Watch the short video too

https://www.moneysavingexpert.com/n...6&utm_campaign=nt-oneliners-one&utm_content=3


----------



## GMJ (Jun 24, 2014)

"virgin cock up"...that's nearly an oxymoron!!:grin2:


Graham :smile2:


----------



## Pudsey_Bear (Sep 25, 2008)

It's the way I tell em G


----------



## Matchlock (Jun 26, 2010)

Virgin as in their wisdom wanted to pay less to UKTV for their goods but at the same time put up their prices, think they may have got into the supermarket ways, pay bugger all for produce to increase their profit margins.
That reminds me I must follow up switching my phone number to voip then I can dump Virgin even though I have been with them since the '90s, loyalty means nothing.


----------



## caulkhead (Jul 25, 2007)

GMJ said:


> "virgin cock up"...that's nearly an oxymoron!!:grin2:
> 
> Graham :smile2:


Glad I'm not the only one with a smutty mind!:wink2:


----------



## greygit (Apr 15, 2007)

BT are putting up their line rental and I read in the Which magazine that due to this price rise you could end your contract without being penalised so I rang BT and now have a much better set up with them at almost half the price. .........it was a pound well spent on the trial of the Which magazine.:grin2:


----------



## Pudsey_Bear (Sep 25, 2008)

We renegotiated our Virgin down to £47, I warned them that I would cancel if they put the price up within 12 months, and informed them the call was being recorded, we are not in a contract, and only have to give 30 days to leave.

I asked about ditching the phone, but it would only save £1 per month, seems pointless.


----------



## Pudsey_Bear (Sep 25, 2008)

The saga continues, Got a email today from Virgin, it's a docusign for a 12 month contract, which is not part of the agreement I set up a week, ago so I ring them up, I was on the phone for 1:17:23 in total, the last 2 of which I was put through to someone who's first question was how can I help you FFS I told her what had been agreed, sort it out or we're off and hung up.


----------



## yarmouth (Nov 1, 2017)

I done the deal with Virgin last year, last thing I said to them will you be increasing the price in a couple of months as you normally do?
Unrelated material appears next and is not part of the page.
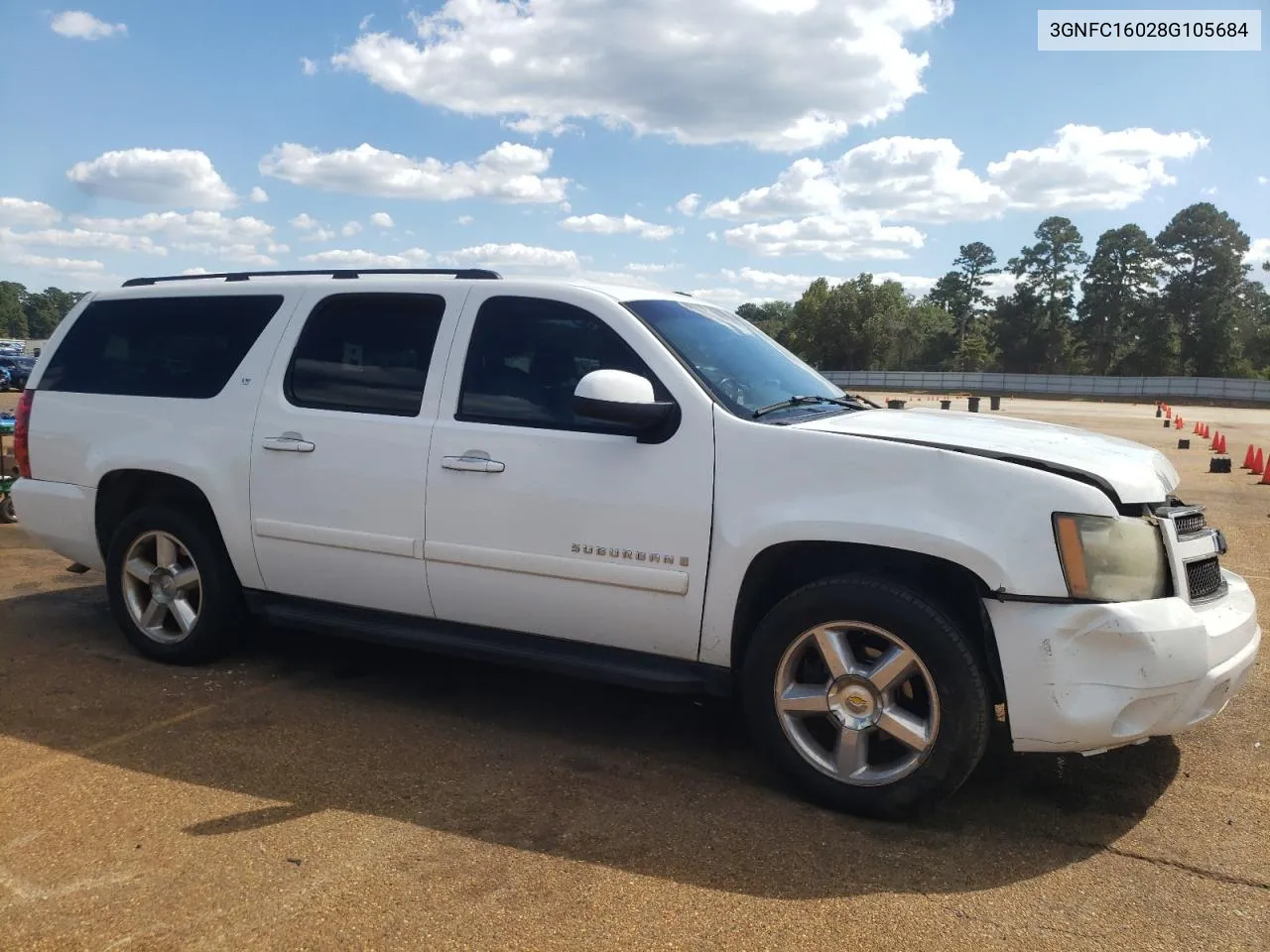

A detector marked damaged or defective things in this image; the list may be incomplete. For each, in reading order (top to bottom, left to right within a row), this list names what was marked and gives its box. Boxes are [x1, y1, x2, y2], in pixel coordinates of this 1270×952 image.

damaged front bumper [980, 571, 1259, 756]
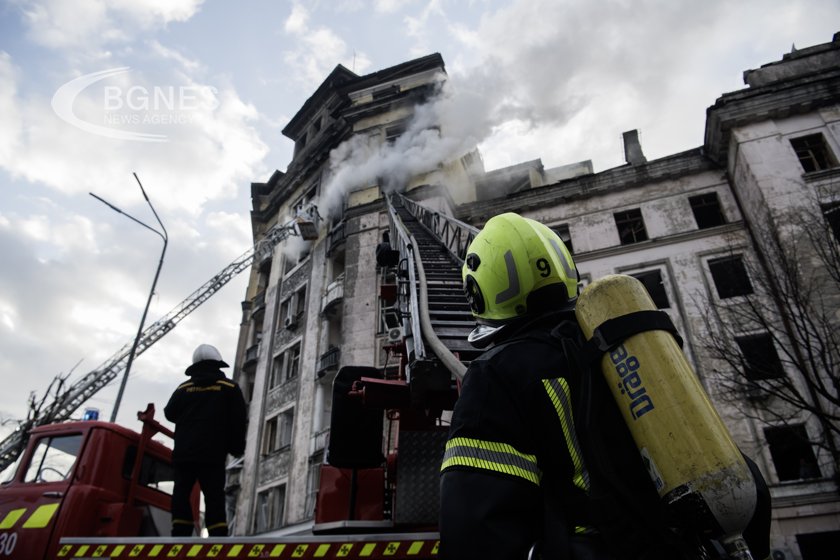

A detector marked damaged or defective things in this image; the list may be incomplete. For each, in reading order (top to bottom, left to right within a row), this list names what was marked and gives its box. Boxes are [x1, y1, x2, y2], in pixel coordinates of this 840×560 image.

No we won't do that, he was right, even before I made my first's months payment they sent me an email about a price increase. Told them where to go.


----------



## JanHank (Mar 29, 2015)

caulkhead said:


> Glad I'm not the only one with a smutty mind!:wink2:


My first thought, but daren´t say anything me being a lady and all that.0


----------



## Pudsey_Bear (Sep 25, 2008)

Hand on heart there was no forethought, I was too pee'd off at the time to think of humour.


When did that happen Gerty?


----------



## JanHank (Mar 29, 2015)

Kev_n_Liz said:


> Hand on heart there was no forethought, I was too pee'd off at the time to think of humour.
> 
> When did that happen Gerty?


You've heard of people being gob smacked, well consider yourself smack lucky.


----------